== Task to complete ==
Reproduce exactly the lines below from the one containing "La planète artificielle" through the one containing "Dapper Don en", including both, and nothing else.

== Data section ==
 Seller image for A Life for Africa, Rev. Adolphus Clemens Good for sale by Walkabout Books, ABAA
==
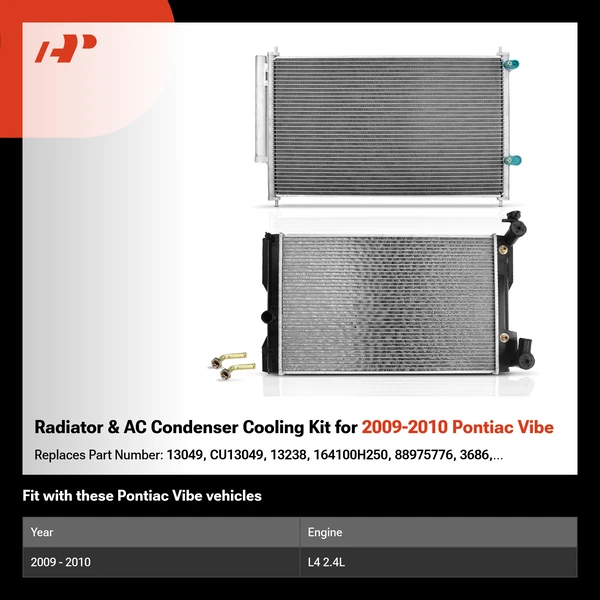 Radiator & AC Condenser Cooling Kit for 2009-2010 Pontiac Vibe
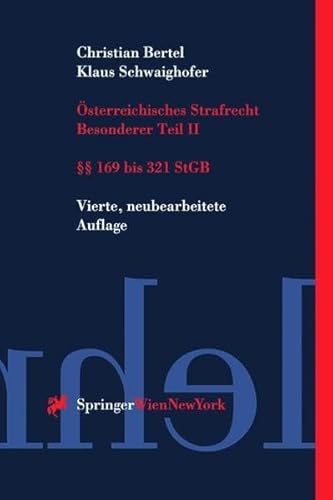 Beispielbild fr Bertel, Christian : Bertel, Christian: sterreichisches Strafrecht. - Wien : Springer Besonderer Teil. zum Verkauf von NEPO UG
---
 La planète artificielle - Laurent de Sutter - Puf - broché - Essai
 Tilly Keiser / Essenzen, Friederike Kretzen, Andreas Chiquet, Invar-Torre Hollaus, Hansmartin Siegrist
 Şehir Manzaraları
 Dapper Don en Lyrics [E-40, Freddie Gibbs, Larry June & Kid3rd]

== Response box ==
 La planète artificielle - Laurent de Sutter - Puf - broché - Essai
 Tilly Keiser / Essenzen, Friederike Kretzen, Andreas Chiquet, Invar-Torre Hollaus, Hansmartin Siegrist
 Şehir Manzaraları
 Dapper Don en Lyrics [E-40, Freddie Gibbs, Larry June & Kid3rd]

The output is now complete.